Siempre sentados en el suelo, si derramábamos la comida, “Tony”, nuestro fiel perro, venía meneando la cola para limpiar el suelo de sobras y agradecernos con besos en la cara. Un andén de ladrillos separaba el corredor del patio de tierra, un nivel más bajo que nuestro piso. Solo cuando cumplíamos cuatro años, se nos permitía dar ese paso hacia la libertad y disfrutar de un hermoso patio de tierra con suficiente espacio para correr y jugar a cocinar sin fuego, arepas y buñuelos de tierra húmeda que, a veces, nos atrevíamos a probar.
En el patio, había flores que mi madre cultivaba con amor y que nosotros comíamos cuando no estaban vigilándonos. Tenía una preferencia especial por los anturios rojos, amargos pero sabían a carne. Mi hermano, por otro lado, prefería los gusanos de santamaría o las lombrices de tierra, verdaderos manjares. La comida verde, como grillos, cucuyos, pasto y hojas tiernas, era parte de nuestra dieta.

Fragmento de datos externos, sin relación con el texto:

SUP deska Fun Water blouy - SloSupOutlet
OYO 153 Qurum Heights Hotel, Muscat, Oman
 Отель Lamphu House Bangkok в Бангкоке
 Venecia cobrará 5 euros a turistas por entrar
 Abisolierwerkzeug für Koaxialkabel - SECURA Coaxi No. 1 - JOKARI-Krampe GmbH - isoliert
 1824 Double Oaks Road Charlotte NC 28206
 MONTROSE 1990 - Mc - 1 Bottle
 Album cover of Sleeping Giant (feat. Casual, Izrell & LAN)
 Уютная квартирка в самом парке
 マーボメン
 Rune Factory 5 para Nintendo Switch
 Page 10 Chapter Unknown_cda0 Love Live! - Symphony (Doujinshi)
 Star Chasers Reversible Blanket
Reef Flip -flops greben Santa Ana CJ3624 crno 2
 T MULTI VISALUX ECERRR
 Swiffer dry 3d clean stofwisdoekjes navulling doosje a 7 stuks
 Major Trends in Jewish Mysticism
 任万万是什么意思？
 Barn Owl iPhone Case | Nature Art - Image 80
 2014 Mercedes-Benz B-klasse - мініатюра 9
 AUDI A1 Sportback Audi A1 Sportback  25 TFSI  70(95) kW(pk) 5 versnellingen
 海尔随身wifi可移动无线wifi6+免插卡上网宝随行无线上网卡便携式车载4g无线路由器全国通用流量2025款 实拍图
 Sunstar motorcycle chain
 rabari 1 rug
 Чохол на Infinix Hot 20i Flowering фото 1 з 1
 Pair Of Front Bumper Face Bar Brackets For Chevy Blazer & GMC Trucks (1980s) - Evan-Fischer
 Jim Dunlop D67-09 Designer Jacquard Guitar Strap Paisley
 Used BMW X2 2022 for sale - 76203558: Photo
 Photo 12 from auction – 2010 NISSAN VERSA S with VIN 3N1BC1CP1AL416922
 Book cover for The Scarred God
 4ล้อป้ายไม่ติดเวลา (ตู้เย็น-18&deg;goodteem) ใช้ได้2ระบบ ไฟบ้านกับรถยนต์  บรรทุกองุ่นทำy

Por las mañanas, cualquier adulto que pisara el corredor debía pronunciar en voz alta “a e i o u” para que repitiéramos, o “b con a – BA” y “t con e TE”. De esta manera, aprendimos a leer. Nos contaban historias de Colón, de Bolívar, de Jesús, los departamentos y capitales de Colombia, las sumas, las restas y, por cada respuesta correcta, recibíamos un sabroso dulce de leche, arequipe o caramelo. El hojarasquín del monte, la bruja buena o los zapatos de siete leguas, eran cuentos para antes de dormir.
Extrañé mucho mi patio cuando fui a la escuela. No había juegos con tierra, flores o insectos, ni premios por las respuestas acertadas. Lo peor de todo era que ya sabía lo que la señorita Zara pretendía enseñarme. Lo único que me gustaba de ella eran sus ojos y labios rojos, que inspiraron mi primera carta de amor. Agradezco enormemente a la vida y a mis padres por esa infancia en contacto con la naturaleza. Me dio la oportunidad de ser quien soy y de poder contarlo con orgullo.